* [EXERCISE GOAL] All pictures are to be omitted while the lines starting at the line with "Next question: an" and ending at the line with "So, now we have" in the material below are retyped exactly, both ends included.

* [INFORMATION PROVIDED]

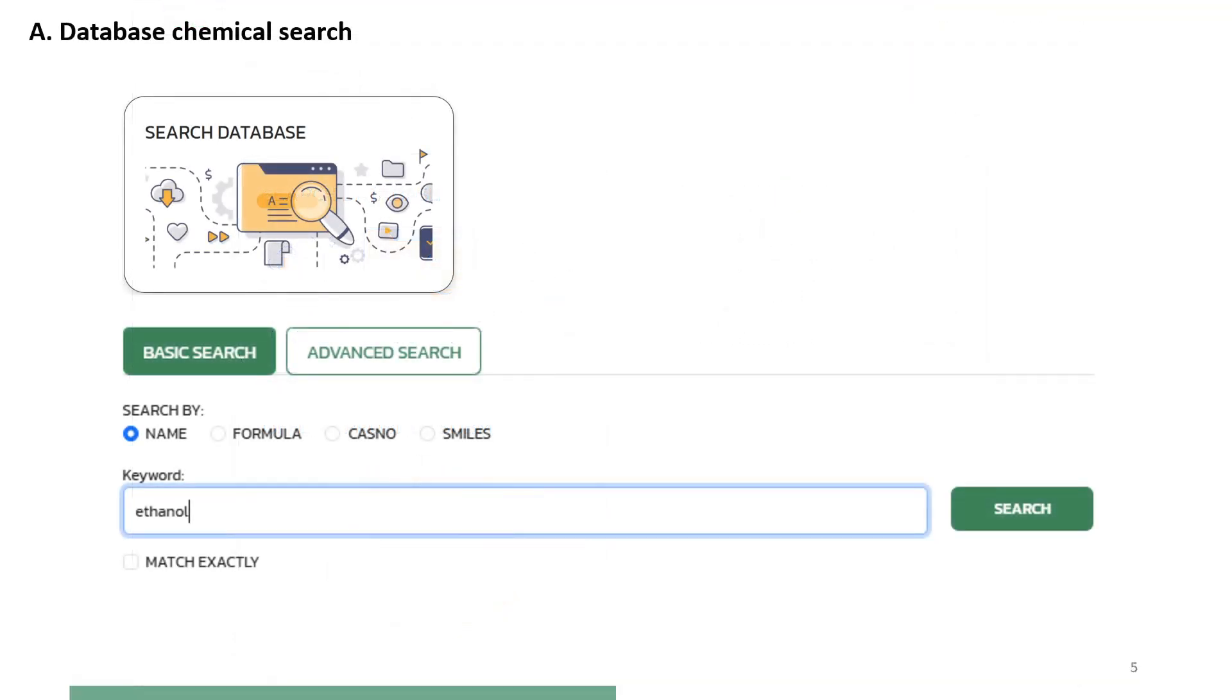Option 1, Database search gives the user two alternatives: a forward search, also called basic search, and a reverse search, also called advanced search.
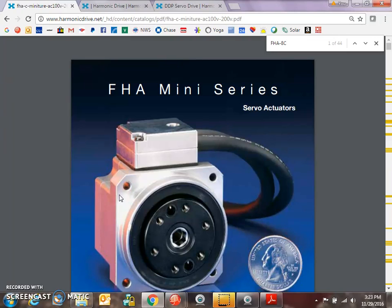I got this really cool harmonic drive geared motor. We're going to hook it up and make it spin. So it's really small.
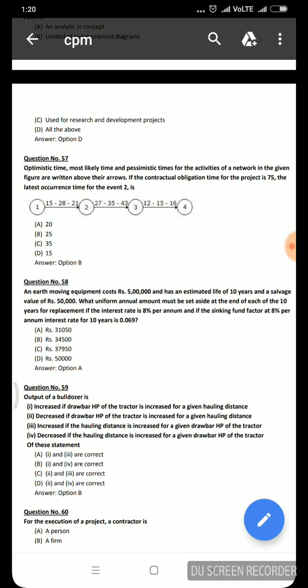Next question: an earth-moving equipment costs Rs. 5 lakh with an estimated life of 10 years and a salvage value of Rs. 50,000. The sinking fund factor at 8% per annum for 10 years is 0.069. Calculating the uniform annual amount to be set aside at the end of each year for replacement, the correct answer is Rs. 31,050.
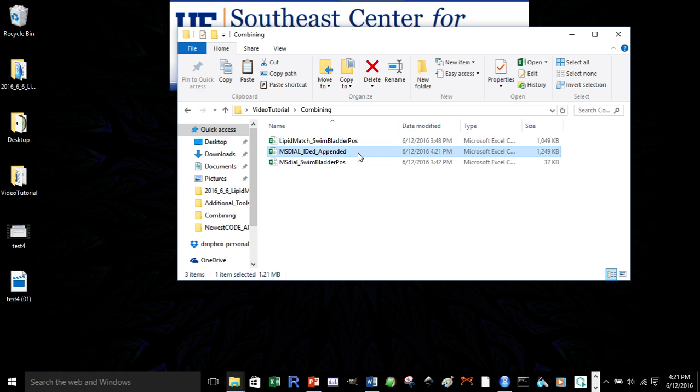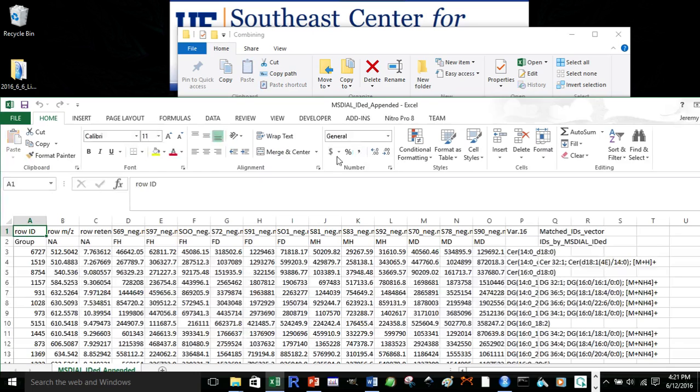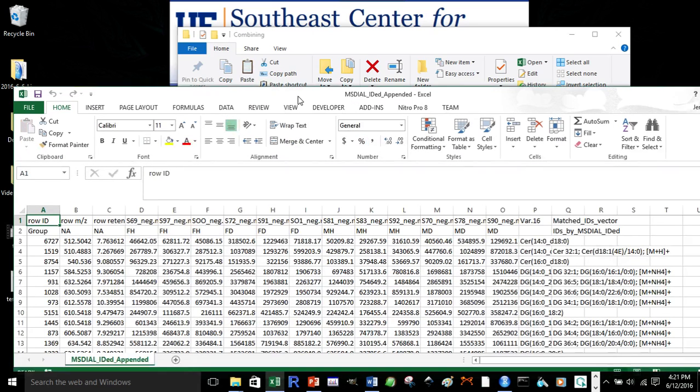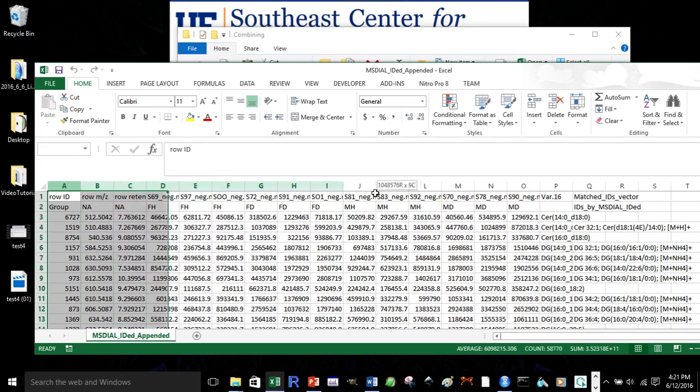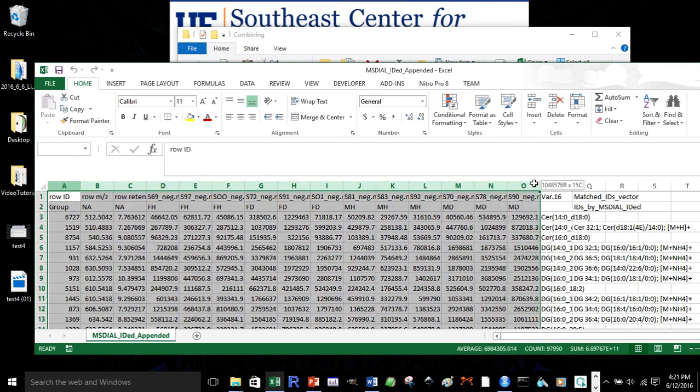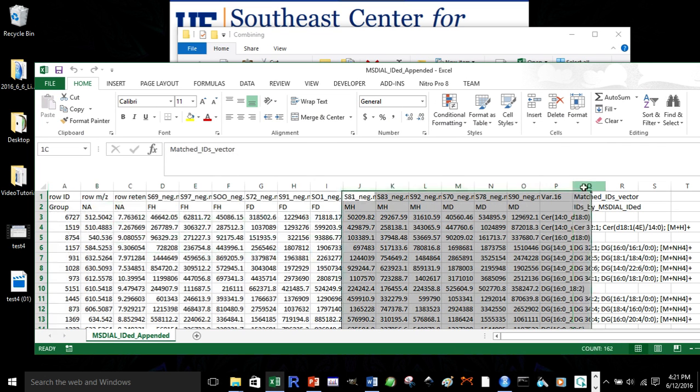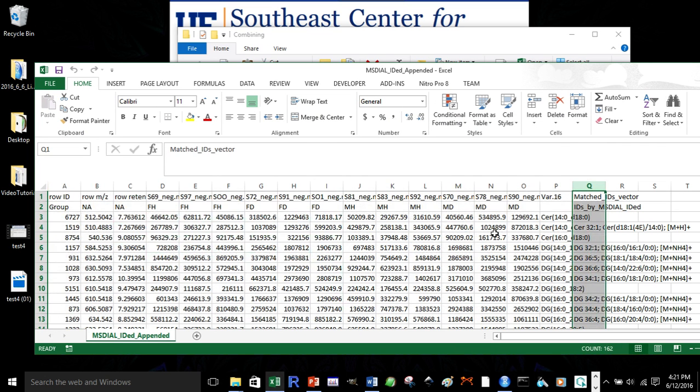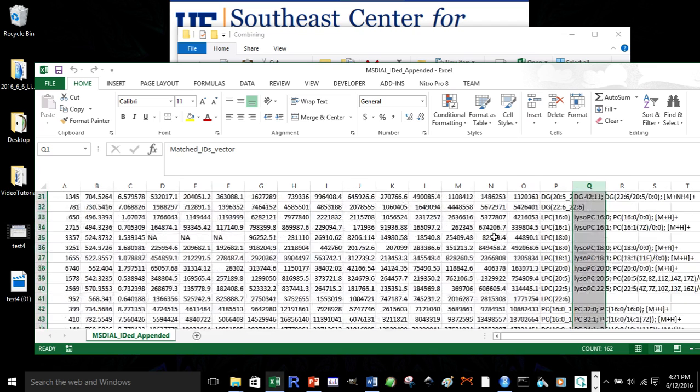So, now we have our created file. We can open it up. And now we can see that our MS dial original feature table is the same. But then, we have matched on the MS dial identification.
...
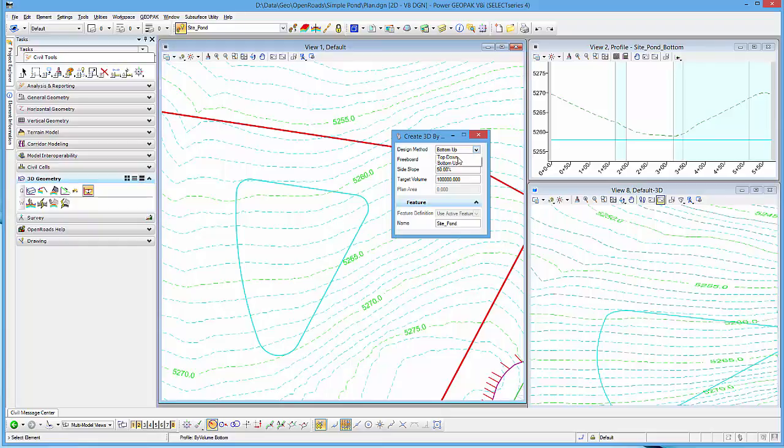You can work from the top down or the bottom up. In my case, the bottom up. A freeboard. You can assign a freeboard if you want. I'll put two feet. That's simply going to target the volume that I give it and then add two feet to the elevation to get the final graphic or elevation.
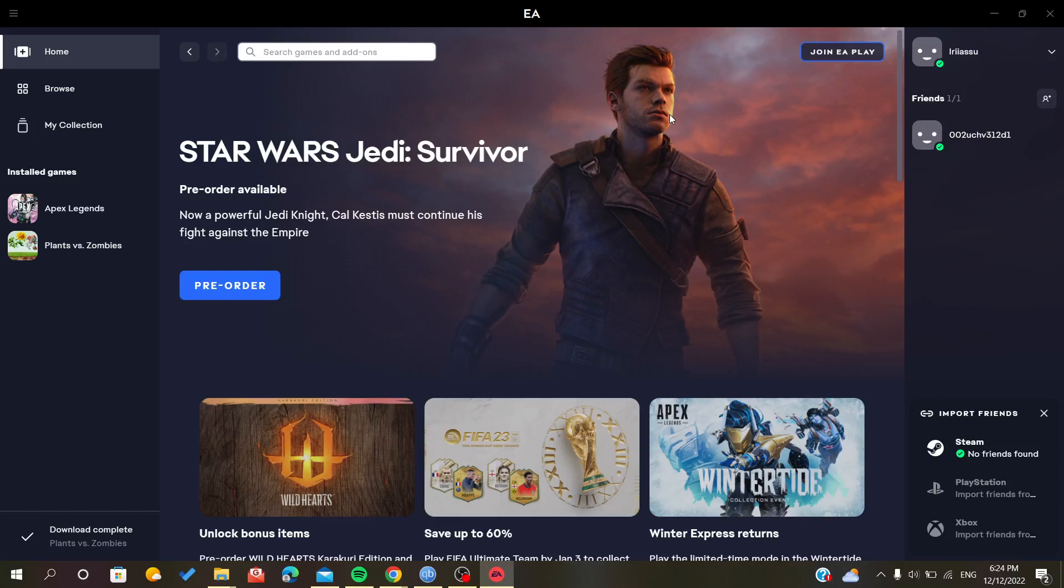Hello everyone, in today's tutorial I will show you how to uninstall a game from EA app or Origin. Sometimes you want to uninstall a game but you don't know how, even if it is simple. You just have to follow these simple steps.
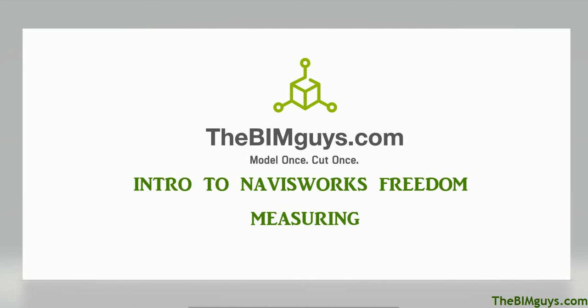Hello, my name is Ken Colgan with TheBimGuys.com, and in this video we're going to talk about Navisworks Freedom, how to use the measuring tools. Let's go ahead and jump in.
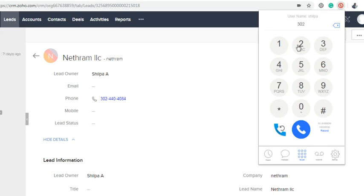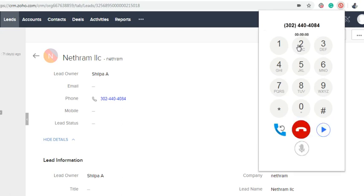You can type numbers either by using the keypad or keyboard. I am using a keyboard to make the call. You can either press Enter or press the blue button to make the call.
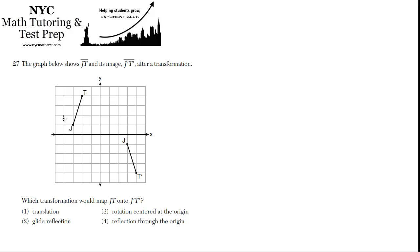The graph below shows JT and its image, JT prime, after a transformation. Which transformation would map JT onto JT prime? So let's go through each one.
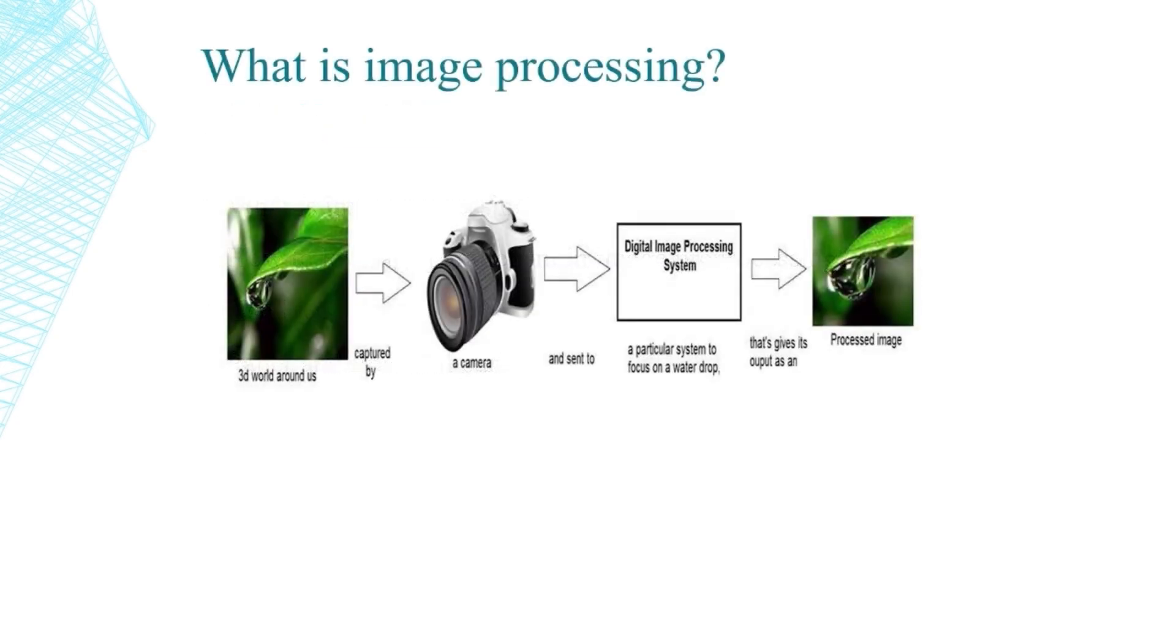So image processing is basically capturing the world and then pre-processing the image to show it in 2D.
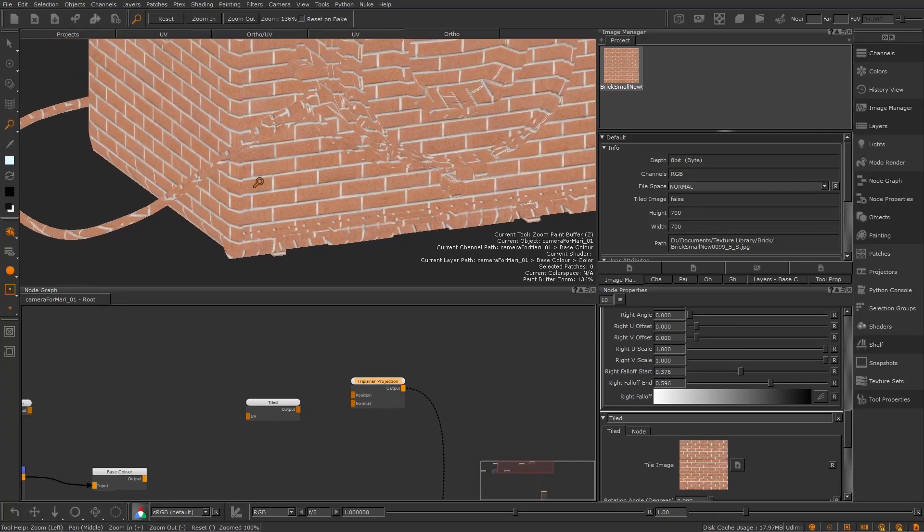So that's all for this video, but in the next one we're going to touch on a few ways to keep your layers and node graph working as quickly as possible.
==
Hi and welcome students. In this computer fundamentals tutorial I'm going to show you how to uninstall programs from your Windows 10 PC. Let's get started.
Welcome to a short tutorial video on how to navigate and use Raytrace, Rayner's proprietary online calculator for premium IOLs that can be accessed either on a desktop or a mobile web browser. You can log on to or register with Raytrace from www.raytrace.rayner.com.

* [EXERCISE ANSWER]
Next question: an earth-moving equipment costs Rs. 5 lakh with an estimated life of 10 years and a salvage value of Rs. 50,000. The sinking fund factor at 8% per annum for 10 years is 0.069. Calculating the uniform annual amount to be set aside at the end of each year for replacement, the correct answer is Rs. 31,050.
So, now we have our created file. We can open it up. And now we can see that our MS dial original feature table is the same. But then, we have matched on the MS dial identification.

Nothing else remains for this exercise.